Perceba que eu usei palavras como experiência e pontos para me referir ao meu progresso no Duolingo. A estratégia de gamificação surge, em plataformas e sistemas diversos, como uma maneira de tangibilizar avanços, engajar participantes e criar contextos plausíveis para dar recompensas a eles. Será que eu sou mais jogador do que aluno no Duolingo então? A série de características que Jesse Schell (The Art of Game Design, 2008) enumera para definir o que é um jogo começa com a que eu considero mais emblemática: antes de ser um sistema de regras, com objetivos, conflitos e interatividade, um jogo é um campo ou uma área que precisa ser adentrada intencionalmente pelo jogador. Talvez seja essa a principal diferença entre um jogo e um sistema gamificado: você pode estar ganhando pontos e acumulando experiência sem ter concordado com isso.
Quando a lógica da educação encontra a lógica do capitalismo de plataforma, um embate acontece e as armadilhas surgem.
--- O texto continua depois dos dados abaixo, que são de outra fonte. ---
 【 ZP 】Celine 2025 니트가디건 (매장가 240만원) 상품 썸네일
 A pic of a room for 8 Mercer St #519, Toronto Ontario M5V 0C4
Eu me questiono se o objetivo do Duolingo é realmente me ensinar alemão ou apenas cativar meu uso para que eu continue retornando ao aplicativo. Essa crítica precisa ser refletida à mim também: eu sei que não vou aprender alemão só fazendo as lições da corujinha verde. Eu preciso ver filmes, jogar video-games em alemão, ouvir música ou o que quer que diabos eu tenha feito pra aprender inglês (e aqui estou sendo sendo superficial a ponto de acreditar que ambos os idiomas podem ser aprendidos pelas mesmas estratégias).
Fatalmente, cada aluno terá suas próprias necessidades na hora de aprender alguma coisa. Um equilíbrio entre os mecanismos que um sistema desenvolve pra se manter e os aspectos pedagógicos do conteúdo que ele precisa ensinar precisa ser criado. A educação é um labirinto de paradoxos: é preciso ensinar a aprender, aprender a ensinar, ensinar a ensinar e aprender a aprender.